3. In falsely declaring that she had no interest in another house, the mother may have committed offences under other legislation [110] , but the Defence Service Homes Act did not make it an offence. It merely provided that the Commonwealth might recover as a debt the amount of the subsidy paid as the result of a false statement [111] . It also provided that the Commonwealth might waive the debt or allow it to be paid by instalmentsm [112] . However, the illegality involved was not a breach of the Defence Service Homes Act. It was the fraud involved in obtaining a subsidised advance upon a false basis.
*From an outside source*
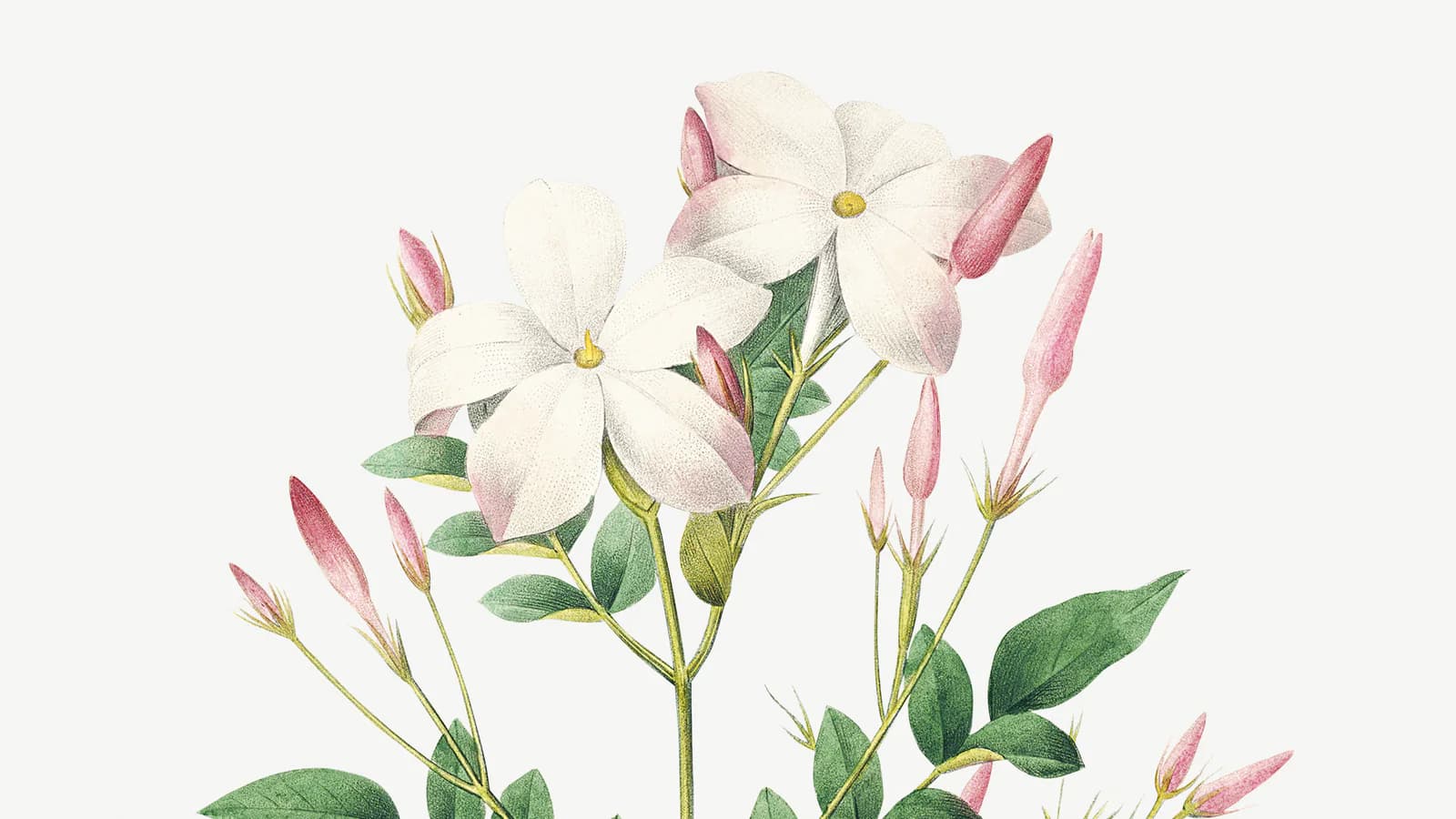 A hand-colored Redouté engraving of Spanish jasmine: two white flowers among pink buds and green leaves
The illegality of that act was not dependent upon any policy revealed by the Defence Service Homes Act but arose from the nature of the act itself.
4. The house which was in the names of the son and daughter was sold and the mother claims to be entitled to the proceeds. The son concedes his mother's entitlement, but the daughter, having fallen out with her mother, claims half of those proceeds.
5. Two questions arise. The first is whether the presumption of advancement applies to the payment of the purchase price and the transfer of the house to the son and daughter. If it does not, the son and daughter hold the proceeds of sale upon a resulting trust in favour of their mother because she provided the purchase price. The other question is whether the mother is precluded from recovering the proceeds because of the illegal purpose of the arrangement whereby the house was placed in the names of the son and daughter.
6. This appeal is from the New South Wales Court of Appeal which applied a recent decision of its own [113] and held that a presumption of advancement now applies to a gift made by a mother to her children as it has applied in the past in the case of a gift made by a father to his children. The effect of the presumption is to displace any resulting trust with the inference that a transfer of the beneficial, as well as legal, ownership was intended.
7. The presumption of advancement can, like a resulting trust, be rebutted by evidence of actual intention, but in attempting to rebut the presumption in this case the mother was forced to reveal the true purpose of the arrangement between her and her children. That purpose, being to defraud the Commonwealth, was illegal and had been carried into effect. The Court of Appeal held that those circumstances precluded the mother from being granted relief.
8. In my view, the Court of Appeal was correct in concluding that, in accordance with its previous decision in Brown v Brown [114] , the presumption of advancement should now be regarded as applying in the case of gifts by a mother, as well as a father, to a child. In Scott v Pauly [115] , Isaacs J observed that the drawing of a distinction between a mother and a father in this regard had not been judicially doubted [116] . Even then, apparently, some text writers doubted whether the presumption should have been viewed so narrowly. But circumstances have changed since Isaacs J made his observation. He viewed the presumption as being founded upon "an obligation in conscience to provide for a child" [117] . Now, unlike then, the Family Law Act 1975 (Cth) imposes upon both parents "the primary duty to maintain the child", the object being to ensure "that parents share equitably in the support of their children" [118] . Those provisions reflect the changed responsibility as between parents for the maintenance of their children and hence in their relationship with their children.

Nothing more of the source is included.